■ **Exercise aim**: Beginning with the line containing "Windows 11 has" and going on through the line containing "The recording of", the lines below are to be returned exactly, pictures excluded and nothing added.
━━━ Input ━━━
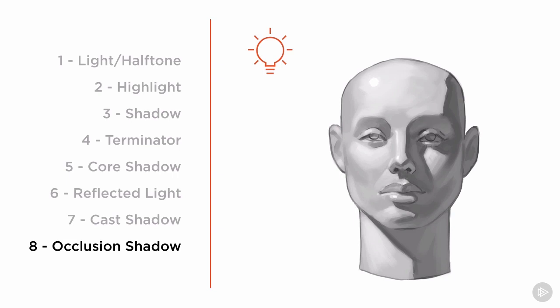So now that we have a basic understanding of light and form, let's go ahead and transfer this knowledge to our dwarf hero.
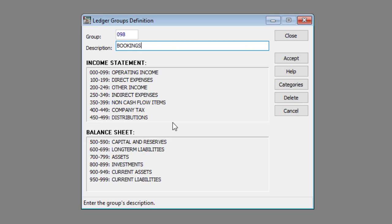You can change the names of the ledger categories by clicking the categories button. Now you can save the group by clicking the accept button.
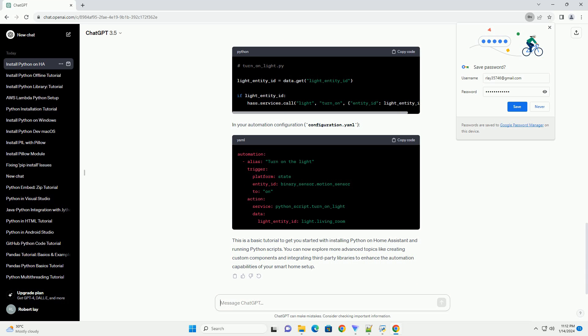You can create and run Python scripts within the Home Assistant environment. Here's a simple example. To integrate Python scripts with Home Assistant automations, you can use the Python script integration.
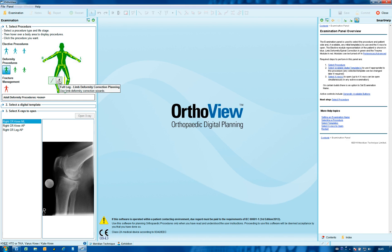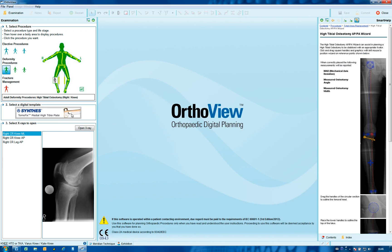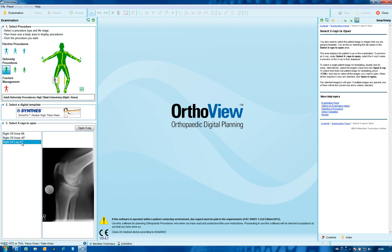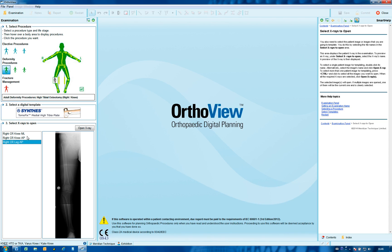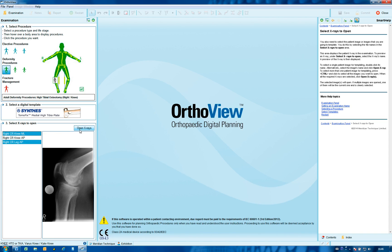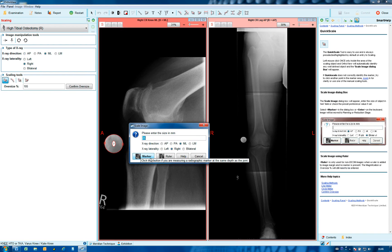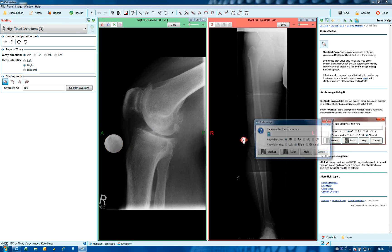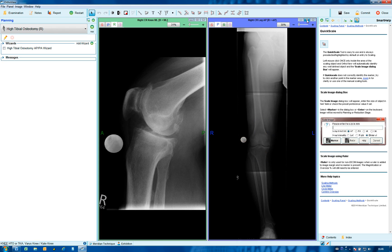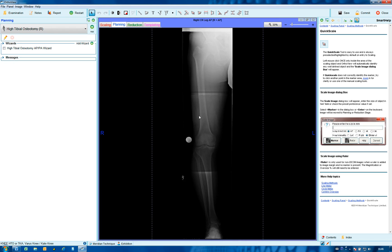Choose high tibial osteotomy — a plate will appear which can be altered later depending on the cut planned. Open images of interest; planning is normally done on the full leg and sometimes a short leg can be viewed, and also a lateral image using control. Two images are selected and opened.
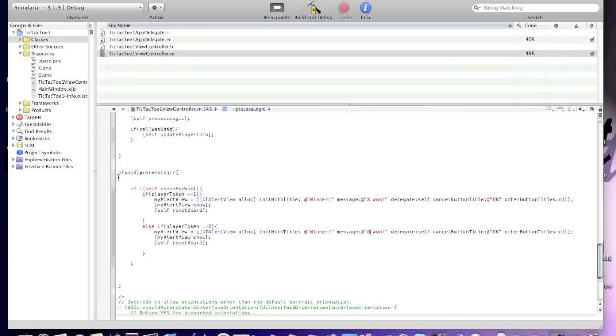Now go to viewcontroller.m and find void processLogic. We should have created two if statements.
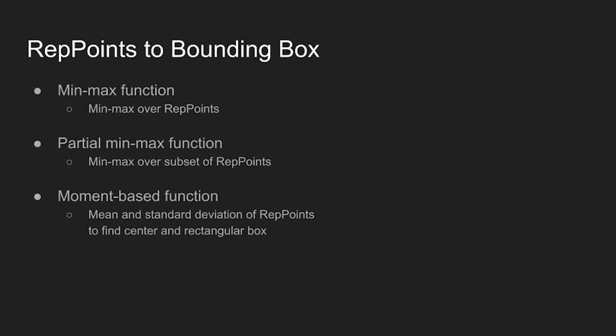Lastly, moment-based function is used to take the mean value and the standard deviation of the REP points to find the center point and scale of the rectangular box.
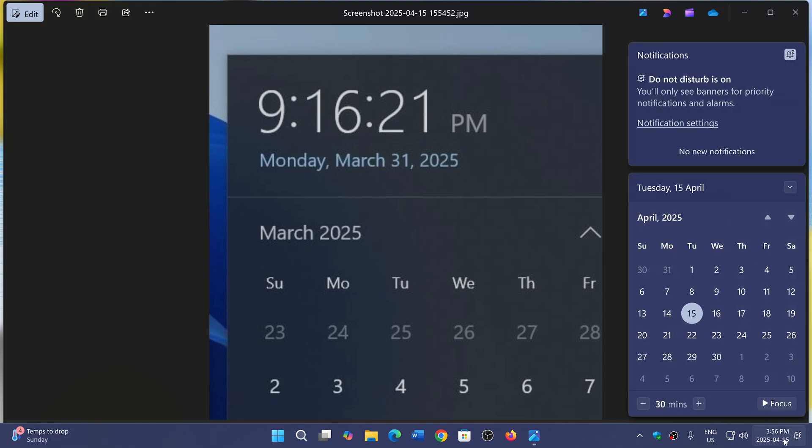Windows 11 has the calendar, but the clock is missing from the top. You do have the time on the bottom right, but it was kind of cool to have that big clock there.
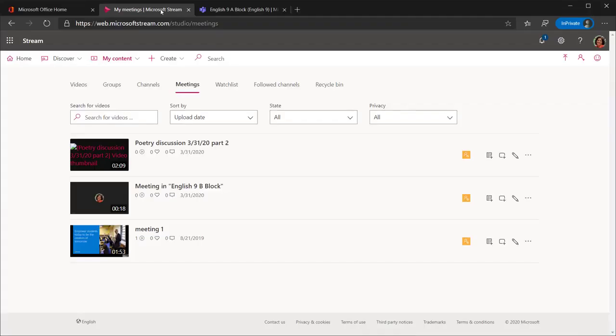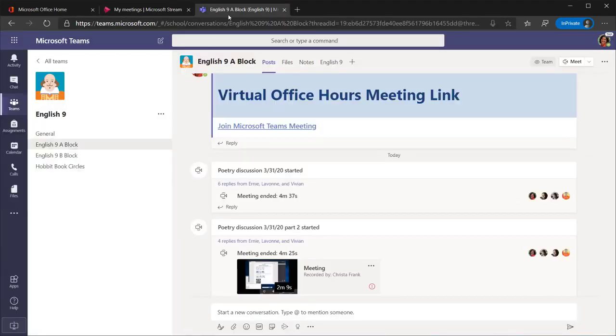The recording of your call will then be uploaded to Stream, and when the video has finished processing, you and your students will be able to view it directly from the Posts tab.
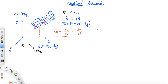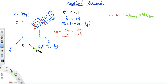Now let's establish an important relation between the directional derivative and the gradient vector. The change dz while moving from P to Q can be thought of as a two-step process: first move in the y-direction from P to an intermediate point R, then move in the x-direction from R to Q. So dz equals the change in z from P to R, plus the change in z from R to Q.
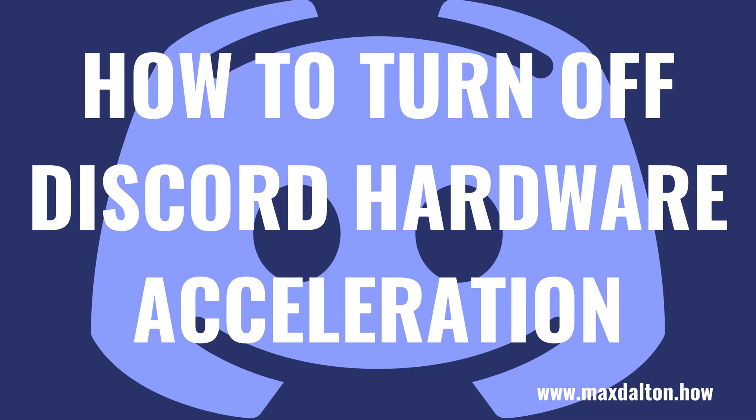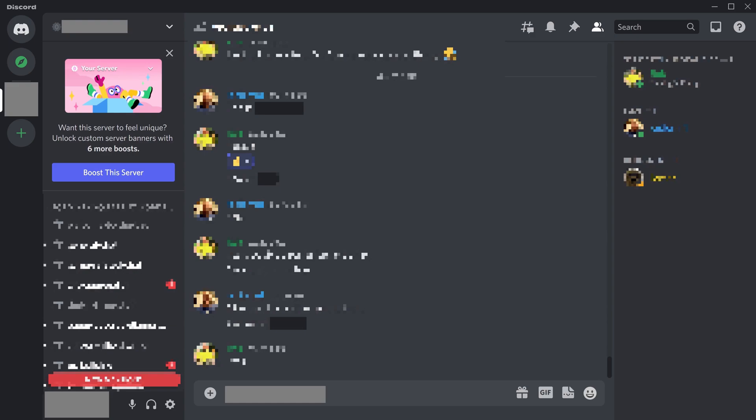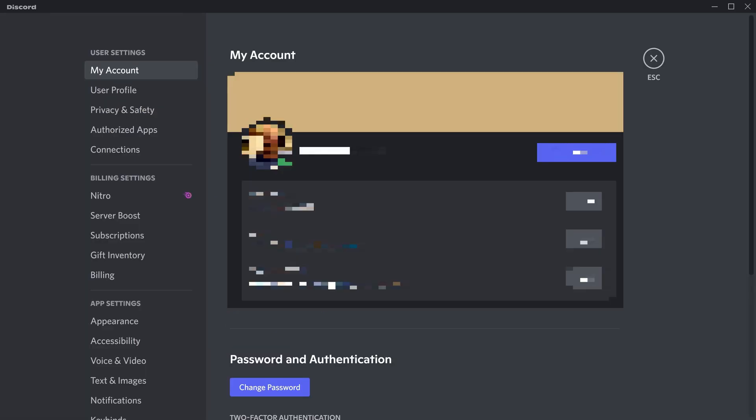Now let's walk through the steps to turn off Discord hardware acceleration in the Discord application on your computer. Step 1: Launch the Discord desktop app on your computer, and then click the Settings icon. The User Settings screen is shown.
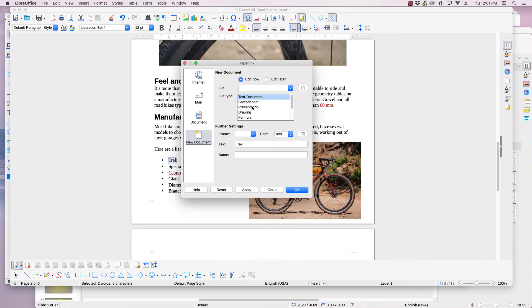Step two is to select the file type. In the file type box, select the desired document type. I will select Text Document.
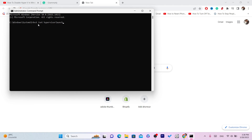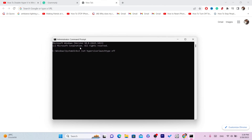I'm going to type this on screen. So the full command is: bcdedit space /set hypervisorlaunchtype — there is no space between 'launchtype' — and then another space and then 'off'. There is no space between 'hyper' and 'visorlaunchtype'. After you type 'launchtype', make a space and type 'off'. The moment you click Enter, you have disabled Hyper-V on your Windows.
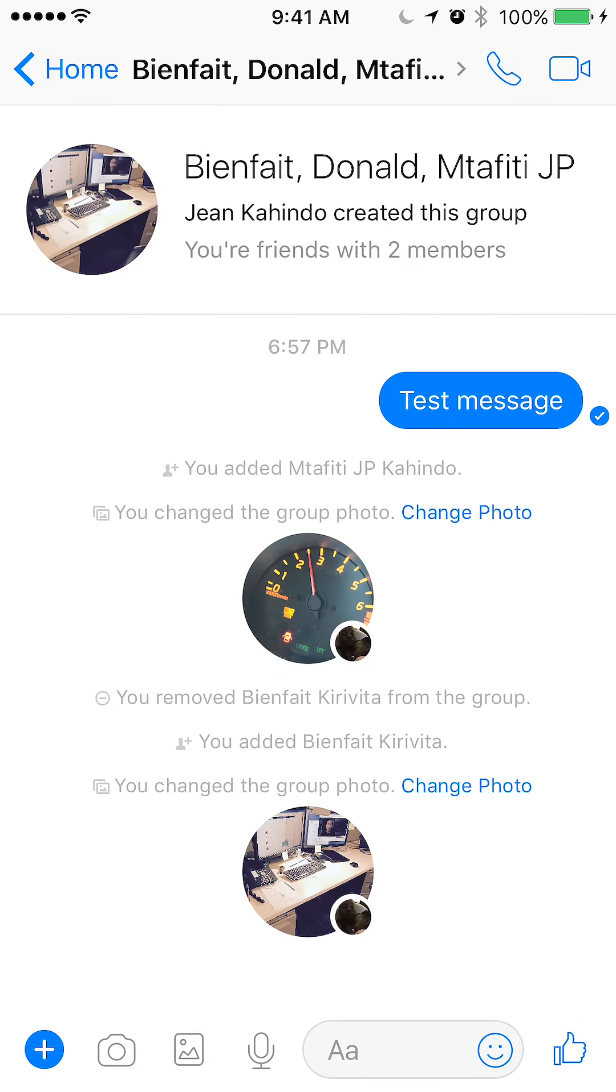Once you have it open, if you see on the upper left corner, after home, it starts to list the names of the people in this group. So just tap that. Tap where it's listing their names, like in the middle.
━━━
■ **Result of this task**:
Windows 11 has the calendar, but the clock is missing from the top. You do have the time on the bottom right, but it was kind of cool to have that big clock there.
The recording of your call will then be uploaded to Stream, and when the video has finished processing, you and your students will be able to view it directly from the Posts tab.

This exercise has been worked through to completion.